Add support for head_dim > 1024 for fp16, no whitespace change
Thanks to @842974287 's implementation. Add head_dim > 1024 for fp16 in add_QKV_bias_rebuild_padding add_bias_input_layernorm
For the comments in https://github.com/842974287/FasterTransformer/commit/dacb3ceed52d6cdb59f10adc6fa02f615da9084a
- When word_per_block != 1, dim3 grid(m * half_k / block.x / word_per_block * 3); could generate remainder, which might cause problem.
- This diff now contains the implementation of add_bias_input_layernorm when headdim > 1024.

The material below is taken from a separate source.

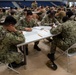 Abraham Lincoln Sailors take advancement exams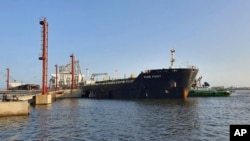 FILE - In this photo released by Karachi Port Trust, a Russian ship carrying oil is anchored at a port in Karachi, Pakistan, June 11, 2023.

Please let me know if this pr is good for commit, or we need to modify. Thanks!
cc @byshiue
I cannot compile the codes successfully. Even if I fix the issue, I will get wrong results when I run the hidden_dim > 1024. How do you verify the correctness?

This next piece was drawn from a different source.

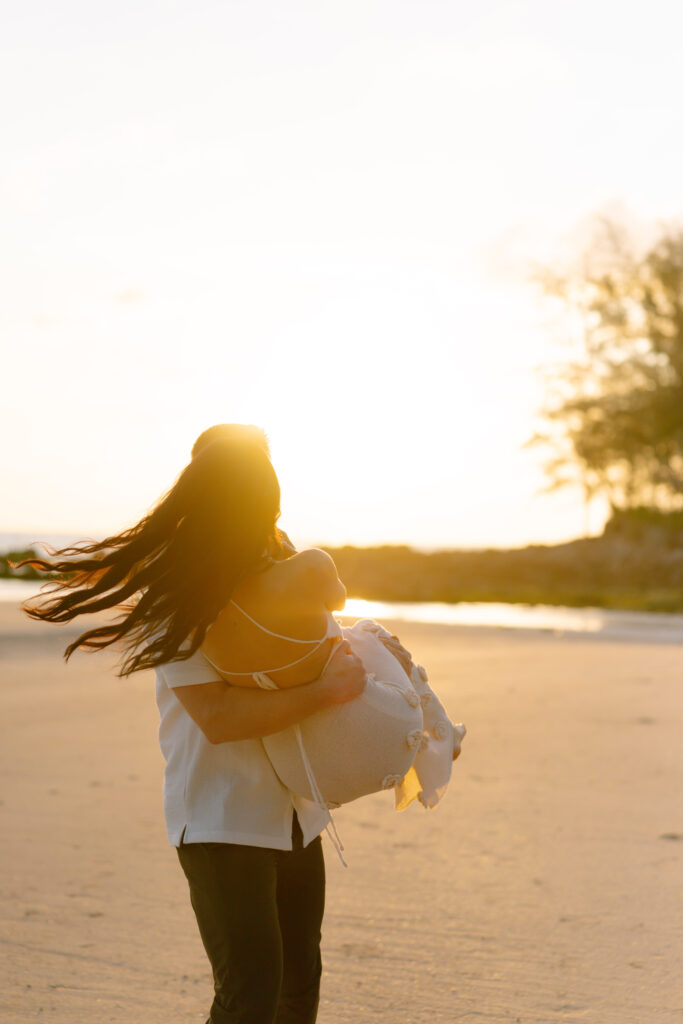 A woman holding a woman on a beach.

I cannot compile the codes successfully. Even if I fix the issue, I will get wrong results when I run the hidden_dim > 1024. How do you verify the correctness?
Thanks for you reply!
We have some unit test to test its correctness internally, but I havent test this part of code in open source environment. I wonder what is your suggestion of testing it in open source?
Also, we will work on fixing https://github.com/NVIDIA/FasterTransformer/pull/104 and merge it as well recently :)
Here is a simple unit test. You can add some cases with hidden_dimension > 1024 into the unit test.
The request of #104 are supported in next beta version.
next beta version
Great! Thanks! I wonder when will this beta version becoming a steady official releasing version, or it is already steady enough to be imported as thirdparty library?
For your request and the BERT model, it should be steady. We release it as beta version because:
- We may break the API again recently.
- We still not update all guides. But the guide of BERT should be latest.